One of the few things you need to consider before launching a new product is your pricing strategy. As a business owner, you want to price your product at its best price. But since you already have competitors with similar offerings, it also pays to set a pricing strategy so that you can keep up with the competition.
One thing every business owner needs to remember is that competing for the lowest price alone is not always the best way. The price should be enough to cover for your costs but competitive enough to contend with similar products on the market. You will also need to set a minimum advertised pricing (MAP) policy to ensure that your brand equity is protected. To help you find the best pricing strategy for your business, we’ve gathered five options you can consider:
Competitive Pricing
You have three options when setting your product price: sell it below, at, or above your competitor’s price. When it comes to competitive pricing, you’re charging your consumers in accordance with the price of your competitor’s product. Of course, you still need to consider the costs it takes to develop the product. If you set your price above your competitor’s price, you will need to justify your higher price to consumers. As for pricing your product below or at the same price as your competitor, you focus on the product and the costs to win more clients while avoiding sunk costs.
Price Skimming
If your goal is to gain considerable revenue despite your product being a newbie on the market, then consider price skimming. Take tech giant Apple as an example. Whenever they release a new model, they choose an introductory premium price. As time passes by and as newer products are launched, they strategically lower the price. This is to test how much the consumers are willing to pay for the product and then gain momentum as they attract more people to buy once the price drops.
Economic Pricing
If your business is yet to make a name in the market, then you can consider economy pricing as your pricing strategy. This strategy is perfect if you aim to attract price-conscious buyers. If your price offers lower than the average market price, you can gain more clients. But you should be careful as you will most likely rely on your sales to keep the business afloat.
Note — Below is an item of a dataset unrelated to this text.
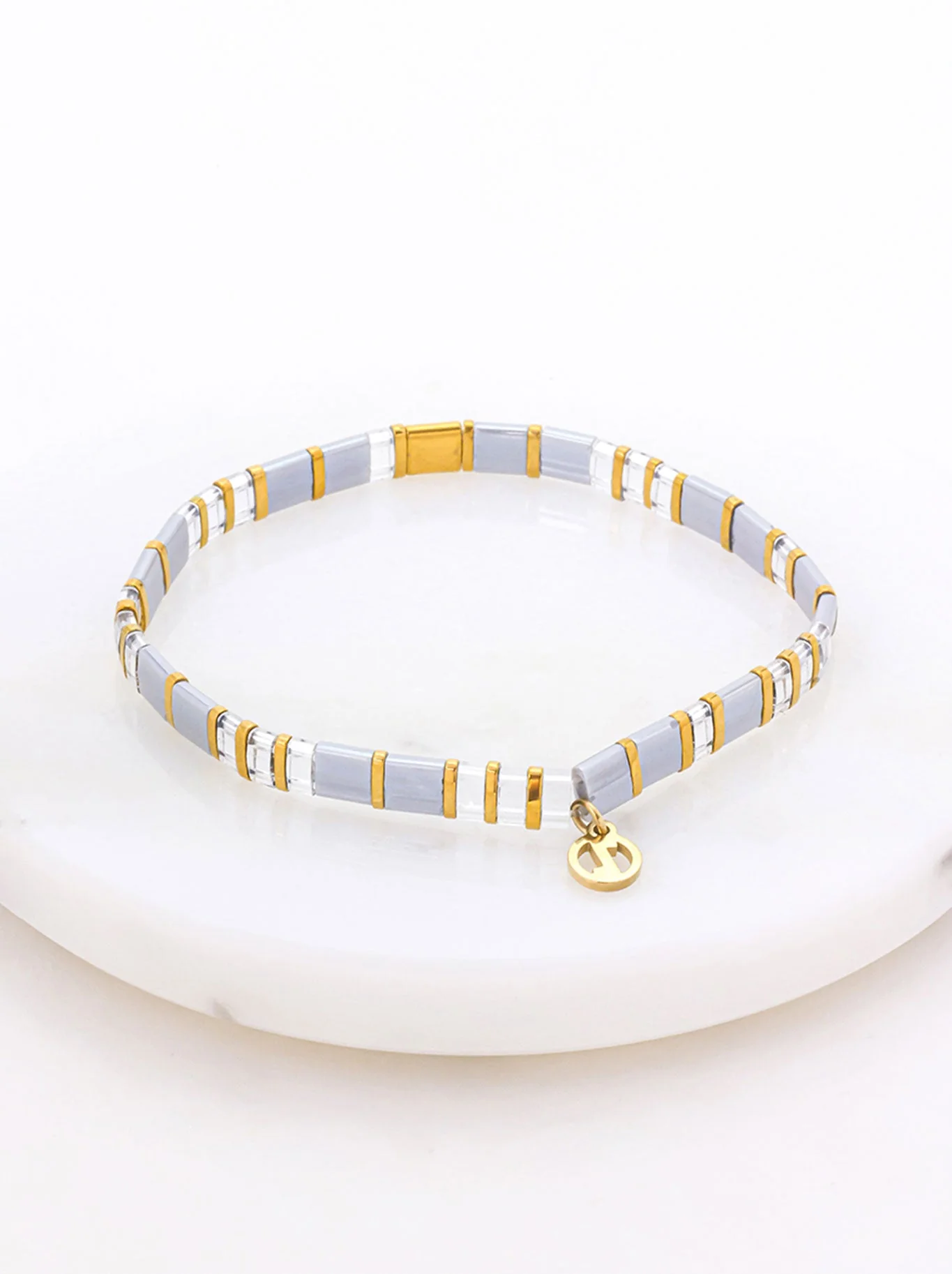 ZAFINO TILE BRACELT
If you can cut down costs to set a low product price, then you can stay competitive and gain new clients through economic pricing.
Penetration Pricing
Word-of-mouth is one of the best ways to reach more consumers and gain more clients. If your goal is to reach your target audience through word-of-mouth, then you can take advantage of penetration pricing. Using this strategy, you set your product price low so that your consumers will think of switching to your brand to enjoy bigger savings. This is a good way to instantly increase brand awareness and entice your audience to try out your product even if your brand is generally new in the market.
There are other pricing strategies to explore if you haven’t made up your mind yet. But the four strategies listed above are what new businesses often use when setting their prices. Before you choose one, make sure that you weigh the perks and drawbacks first.